Il comitato consultivo del Padiglione per il periodo 2022-2024 è composto dal direttore generale della Suna e İnan Fondazione Kıraç per le Imprese Culturali e Artistiche, Özalp Birol; dalla docente presso la Facoltà di Belle Arti dell’Università di Marmara, Dipartimento di Scultura, Nilüfer Ergin Doğruer; dall’artista İnci Eviner; dal Direttore e Curatore del Fiorucci Art Trust, Milovan Farronato, e dalla redattrice di Sanat Dünyamız e scrittrice d’arte, Fisun Yalçınkaya. La mostra del Padiglione turco è commissionata dalla Fondazione Istanbul per la Cultura e le Arti (İKSV) con il contributo del Ministero della Cultura e del Turismo, sotto l’egida del Ministero degli Affari Esteri della Repubblica di Türkiye, con la partnership globale e la partnership aerea di Turkish Airlines e con il supporto della produzione e della pubblicazione dell’Associazione SAHA.

“Ciò con cui ho a che fare”, dice Karamustafa di quest’opera, “è lo stato di un mondo svuotato fino al midollo da guerre, terremoti, migrazioni e pericolo nucleare che si scatenano ad ogni passo, minacciando l’umanità e la natura, continuamente ferita e l’ambiente malato. Cerco di farlo fisicamente ed emotivamente evocare all’esistenza questo fenomeno: il vuoto, la vacuità, la rottura prodotta dalla devastazione divenuta normale, il cui ritmo diventa sempre più impossibile da tenere dietro, dal dolore inimmaginabile che continua a colpire a intervalli inesorabili, dai valori vuoti, lotte di identità e fragili relazioni umane”.

“Questo è stato immaginato come un libro che l’artista avrebbe scritto e letto. Senza Gülsün Karamustafa, un’artista così aperta da condividere sia il suo processo di produzione che la produzione stessa, realizzare un libro del genere non sarebbe stato possibile”, ha affermato l’editore Cankara.

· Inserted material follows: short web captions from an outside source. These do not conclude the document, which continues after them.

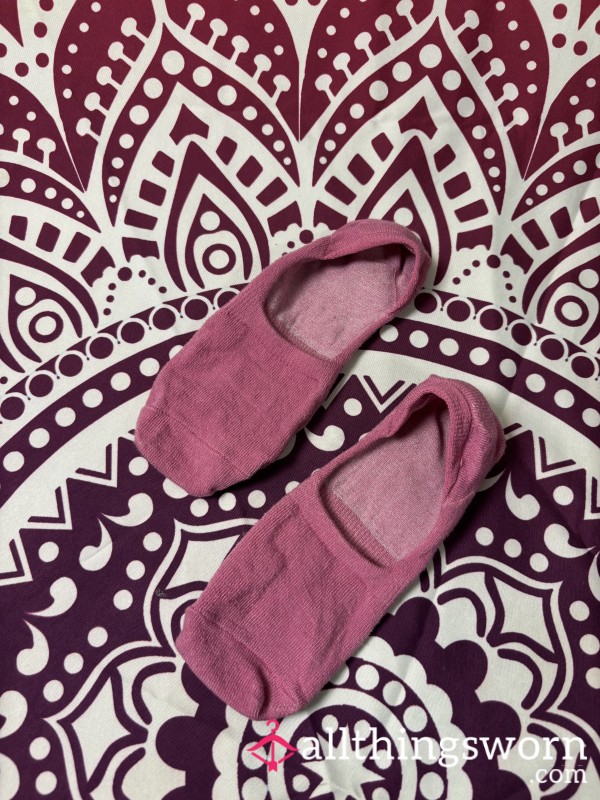 Pink No-Show Socks
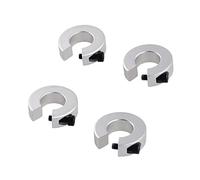 CNCYEAH 4 fermaporta lineare SBR25 per guida lineare SBR25, parti CNC per sistema di movimento lineare del binario ferroviario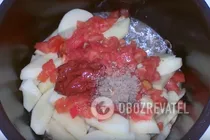 Картопля з грибами в мультиварці - Крок 6 Картопля з грибами в мультиварці - Крок 6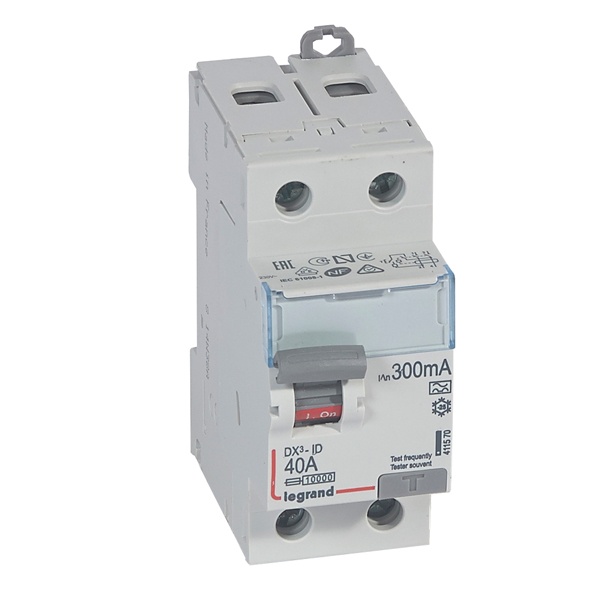 УЗО Legrand DX3 ВДТ 2П 40А 300мА тип A (ВДТ)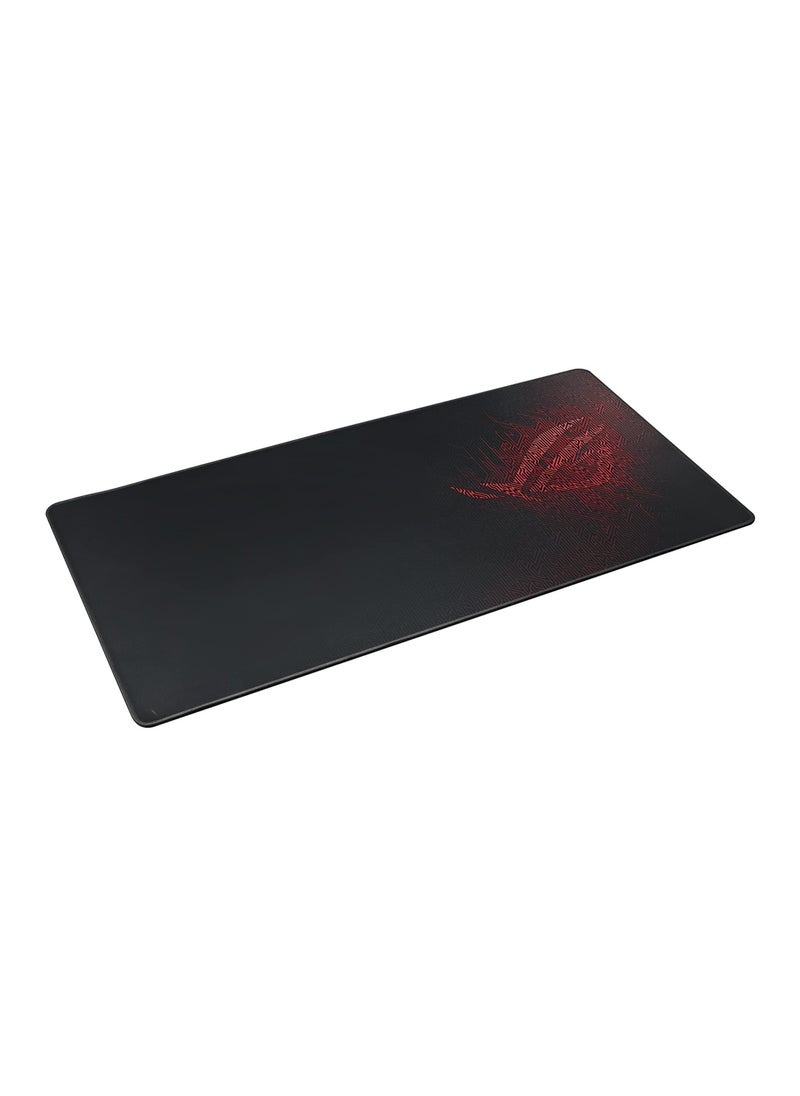 Excefore - Sheath Extended Soft Cloth Gaming Mouse Pad With Smooth Gliding Surface And Non-Slip Base - Black/R - Image 1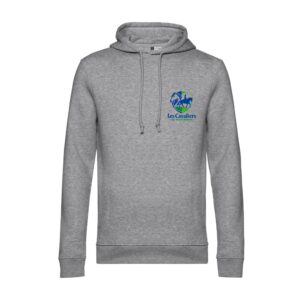 SWEAT A CAPUCHE (enfant) - Les cavaliers de Vausseroux - Gris chiné - K477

Padiglione della Turchia. Foto: Andrea Avezzù
Padiglione della Turchia. Foto: Andrea Avezzù
Padiglione della Turchia. Foto: Andrea Avezzù
Padiglione della Turchia. Foto: Andrea Avezzù
Padiglione della Turchia. Foto: Andrea Avezzù
Padiglione della Turchia. Foto: Andrea Avezzù

Note sull’artista

Gülsün Karamustafa (nata nel 1946) è una figura di spicco nel panorama artistico, particolarmente influente per le giovani generazioni. Con oltre cinquant’anni di pratica artistica alle spalle, il suo lavoro si concentra su tematiche come la modernizzazione della Türkiye, lo sradicamento e la memoria, la migrazione, la località, l’identità, la differenza culturale e di genere, affrontando tali argomenti da una molteplicità di prospettive. Nelle sue opere, che attingono a narrazioni sia personali che storiche, l’artista sostiene l’uso di materiali e metodologie eterogenee. Attraverso diversi media quali la pittura, l’installazione, la fotografia, il video e la performance, sfida le ingiustizie storiche nel contesto sociale e politico. Karamustafa ha partecipato a numerose biennali internazionali, tra cui quelle di Istanbul (TR), San Paolo (BR), Gwangju (Corea del Sud), Kiev (Emirati Arabi Uniti), Singapore (Singapore), L’Avana (CU), Salonicco (GR) e Siviglia (ES). Ha inoltre tenuto mostre personali presso importanti istituzioni e gallerie in tutto il mondo, tra cui Salt Beyoğlu e Salt Galata a Istanbul (TR), Hamburger Bahnhof – Museum für Gegenwart a Berlino (DE), il Museo Van Abbe a Eindhoven (Paesi Bassi), l’IVAM Institut Valencià d’Art Modern a Valencia (ES), l’EMST Museo Nazionale d’Arte Contemporanea ad Atene (GR), il Kunstmuseum Bonn a Bonn (DE), la Lunds Konsthall a Lunds (SE), il Kunstverein di Salisburgo a Salisburgo (AT), la Kunsthalle Fridericianum a Kassel (DE) e il Museo Villa Stuck a Monaco (DE), tra gli altri. Le sue opere sono presenti nelle collezioni permanenti di importanti istituzioni, tra cui il Centre Pompidou a Parigi (FR), la Tate Modern a Londra (Gran Bretagna), il Museo Solomon R. Guggenheim a New York (Stati Uniti), il Museo di Arte Contemporanea di Chicago a Chicago (Stati Uniti), il Musée d’Art Moderne a Parigi (FR), il Museo Van Abbe a Eindhoven (Paesi Bassi), il Museo Ludwig a Colonia (DE), il MUMOK a Vienna (AT), il Museo di Vienna a Vienna (AT), il Museo d’Arte Moderna di Varsavia a Varsavia (PL), il Neues Museum Nürnberg a Norimberga (DE), e l’EMST Museo Nazionale d’Arte Contemporanea ad Atene (GR), il Museo d’Arte Moderna di Istanbul e Arter a Istanbul (TR). Ha ricevuto il Premio Roswitha Haftmann nel 2021 e il Premio Prince Claus nel 2014. Attualmente, l’artista vive e lavora tra Istanbul e Berlino.